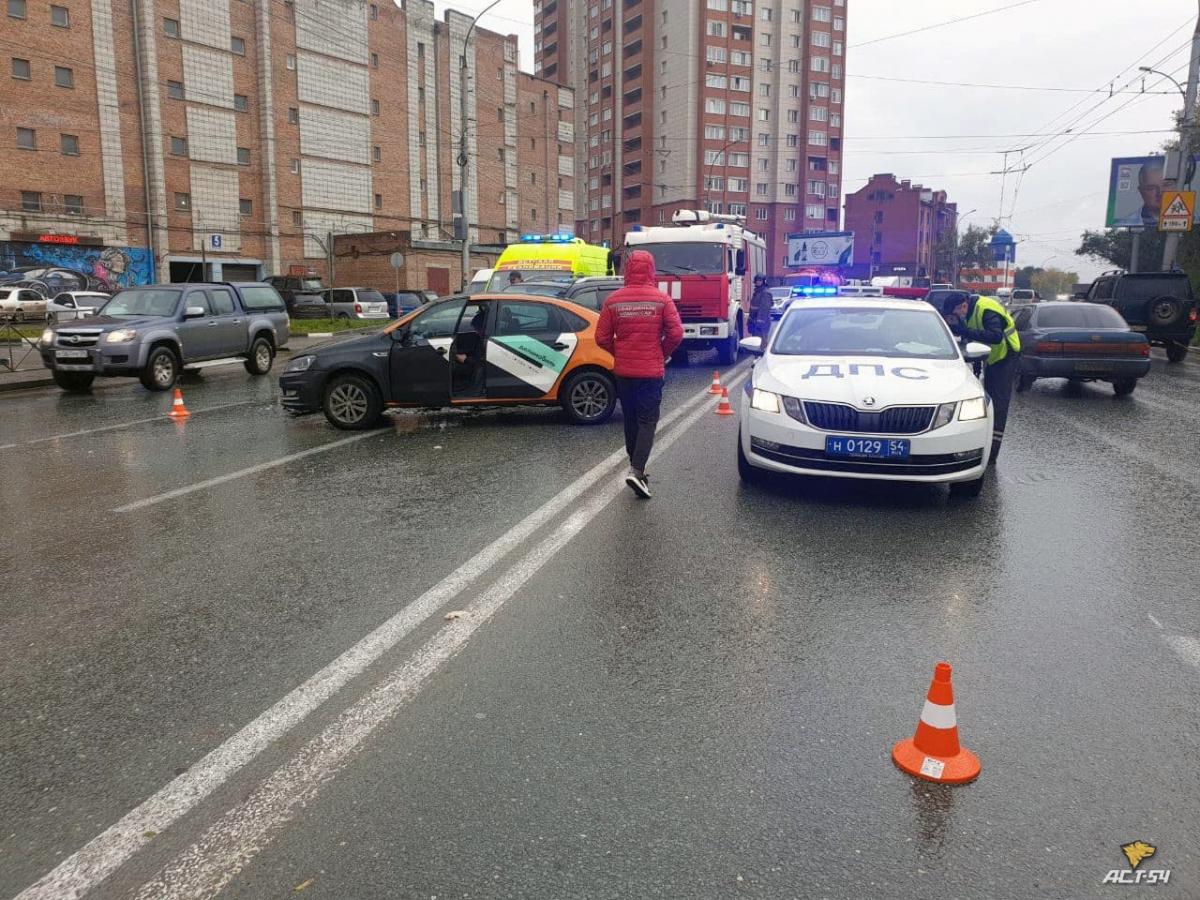 Аст 54 за сутки. Авария каршеринг Вавилова. Авария каршеринг Мытищи. Мыьтная карншеринг ДЬТП. ДТП С каршерингом в Новосибирске.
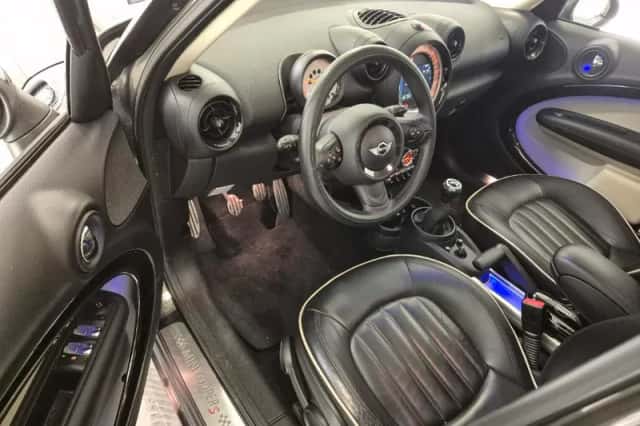 MINI Countryman (2013) thumbnail 6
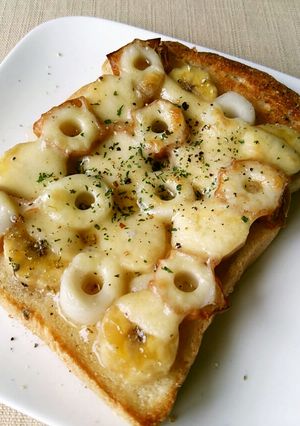 バナナとちくわ◎ハニマスチーズトースト-レシピのメイン写真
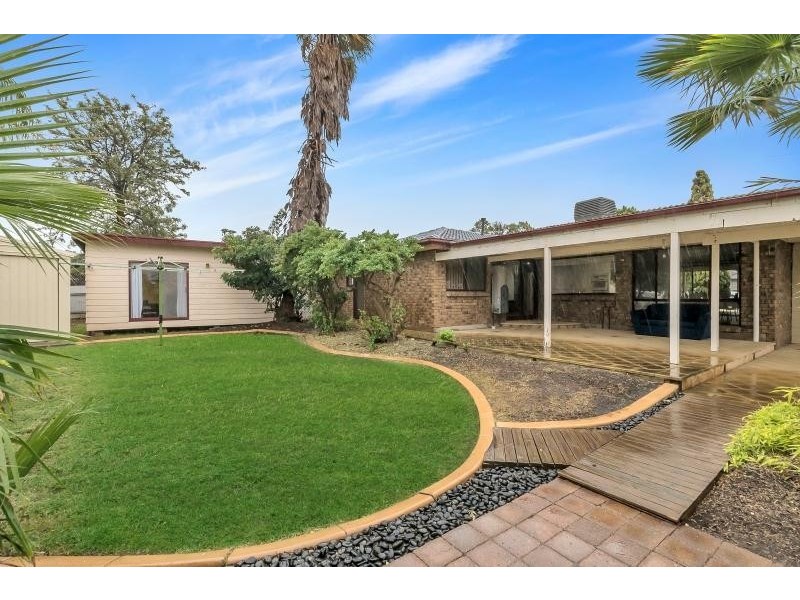 3 Ming Court, Modbury Heights SA 5092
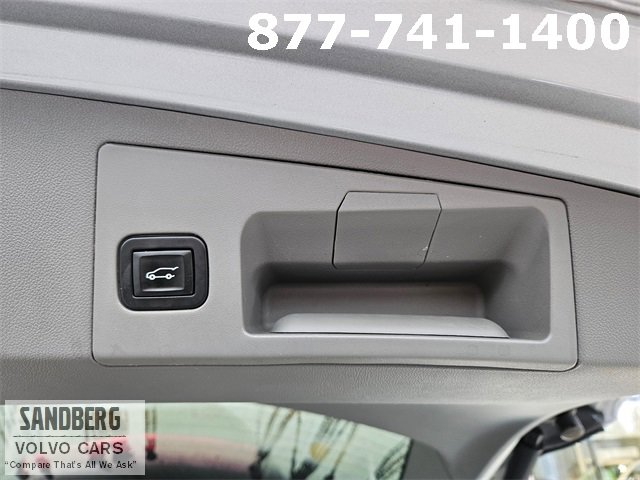 Used 2017 Cadillac XT5 Luxury w/ Driver Awareness Package image 12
§
Exercise => An exact, word-for-word copy of the records is expected, with no pictures in it.

Answer =>
 Аст 54 за сутки. Авария каршеринг Вавилова. Авария каршеринг Мытищи. Мыьтная карншеринг ДЬТП. ДТП С каршерингом в Новосибирске.
 MINI Countryman (2013) thumbnail 6
 バナナとちくわ◎ハニマスチーズトースト-レシピのメイン写真
 3 Ming Court, Modbury Heights SA 5092
 Used 2017 Cadillac XT5 Luxury w/ Driver Awareness Package image 12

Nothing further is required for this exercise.